WHAT IS EXPECTED: Report each line of the data below in which "Personalized" appears.

━━ DATA SUPPLIED ━━

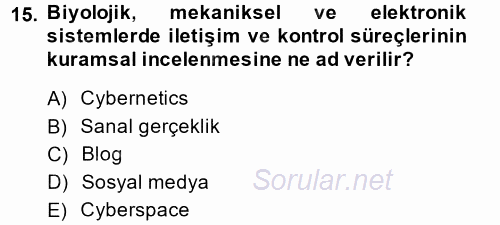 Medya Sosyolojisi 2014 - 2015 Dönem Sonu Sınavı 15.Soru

━━━
━━ DATA SUPPLIED ━━

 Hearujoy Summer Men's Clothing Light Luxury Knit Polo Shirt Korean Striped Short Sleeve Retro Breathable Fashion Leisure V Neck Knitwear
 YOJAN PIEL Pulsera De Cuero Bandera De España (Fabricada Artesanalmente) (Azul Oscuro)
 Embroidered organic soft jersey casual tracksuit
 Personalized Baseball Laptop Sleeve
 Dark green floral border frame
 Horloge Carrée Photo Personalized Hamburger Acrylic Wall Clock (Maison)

━━━

ANSWER SECTION:
 Personalized Baseball Laptop Sleeve
 Horloge Carrée Photo Personalized Hamburger Acrylic Wall Clock (Maison)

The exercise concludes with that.